What is being asked →
Although the entries contain pictures, copy only their text, exactly as written.

Pictures with short captions
^^^^^^^^^^^^^^^^
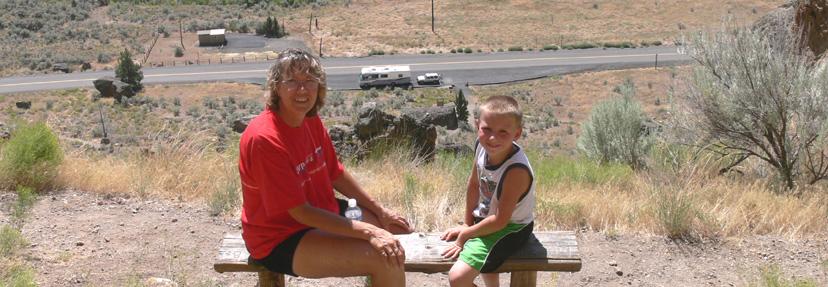 Kyle and Diana at Clarno Unit of the John Day Fossile Beds next to the Palisades Cliffs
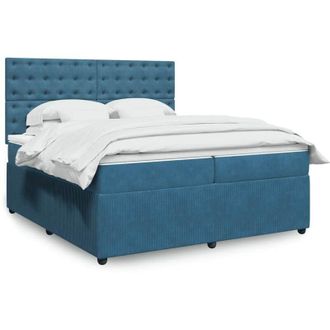 vidaXL Cama Box Spring Con Colch&oacute;n Terciopelo Azul Oscuro 200x200 Cm Vidaxl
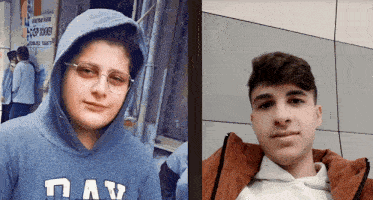 a boy wearing a hoodie and a boy wearing a sweatshirt that says play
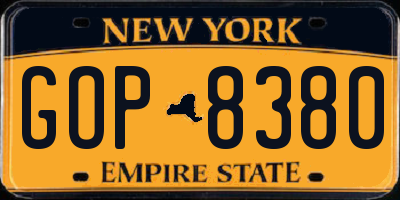 NY license plate GOP8380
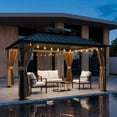 thumbnail image 3 of COOS BAY 12x14 Hardtop Gazebo with Aluminum Frame, Galvanized Steel Double Roof Outdoor Pavilion with Netting and Curtains, Dark Brown/Tan, 3 of 9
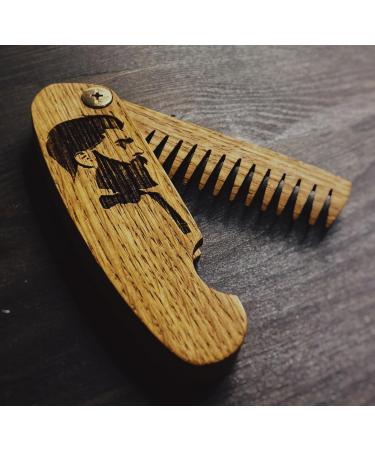 B4K Premium Handmade Wooden Comb for Men | Travel-Sized Multifunctional Pocket Comb for Hair Beard & Mustache | Perfect for Oils & Balm - Engraved Oak Gentlemen - Buy Online on GoSupps.com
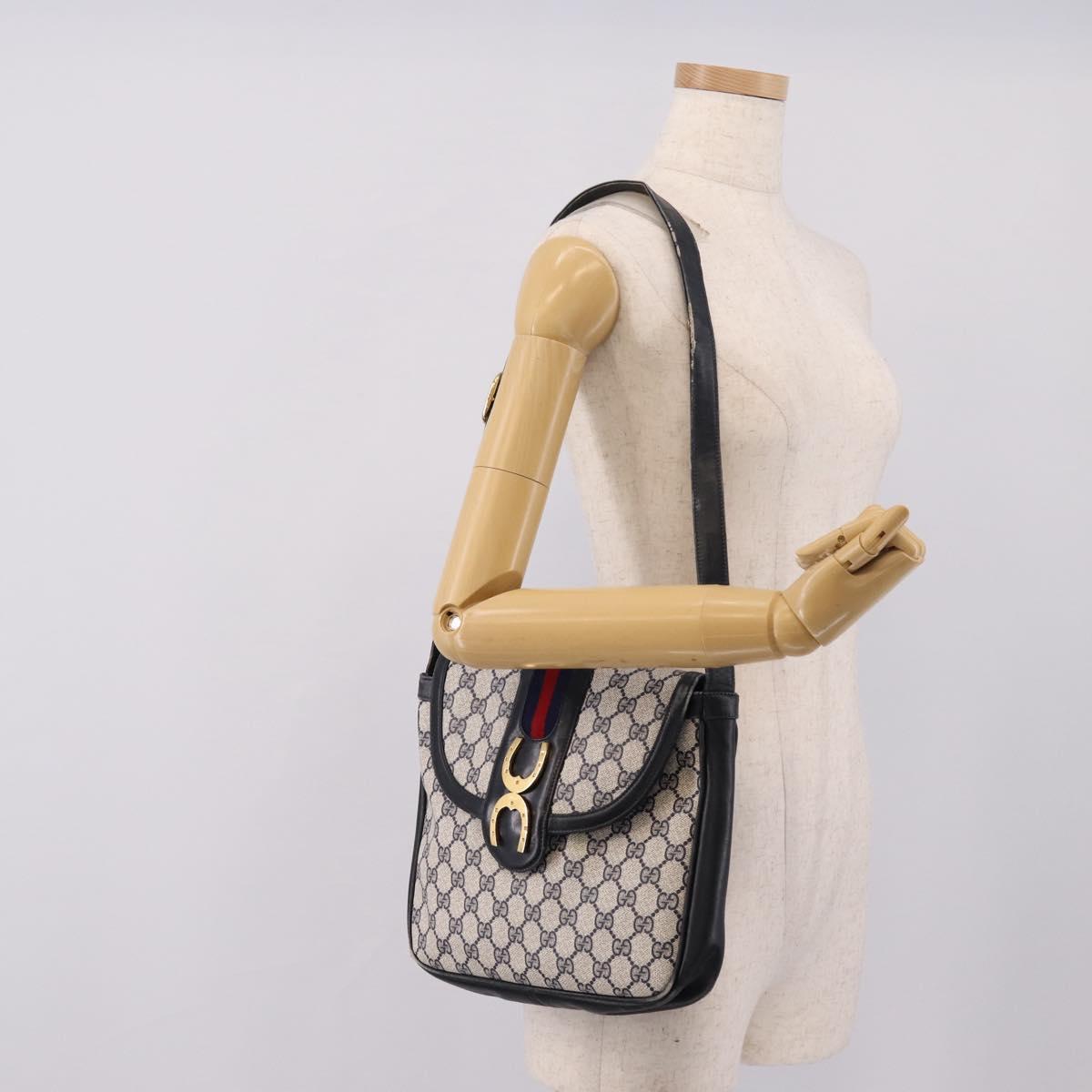 GUCCI GG Supreme Sherry Line Shoulder Bag PVC Navy Gold 30 001 1915 Auth ka6725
^^^^^^^^^^^^^^^^
Result of this exercise →
 Kyle and Diana at Clarno Unit of the John Day Fossile Beds next to the Palisades Cliffs
 vidaXL Cama Box Spring Con Colch&oacute;n Terciopelo Azul Oscuro 200x200 Cm Vidaxl
 a boy wearing a hoodie and a boy wearing a sweatshirt that says play
 NY license plate GOP8380
 thumbnail image 3 of COOS BAY 12x14 Hardtop Gazebo with Aluminum Frame, Galvanized Steel Double Roof Outdoor Pavilion with Netting and Curtains, Dark Brown/Tan, 3 of 9
 B4K Premium Handmade Wooden Comb for Men | Travel-Sized Multifunctional Pocket Comb for Hair Beard & Mustache | Perfect for Oils & Balm - Engraved Oak Gentlemen - Buy Online on GoSupps.com
 GUCCI GG Supreme Sherry Line Shoulder Bag PVC Navy Gold 30 001 1915 Auth ka6725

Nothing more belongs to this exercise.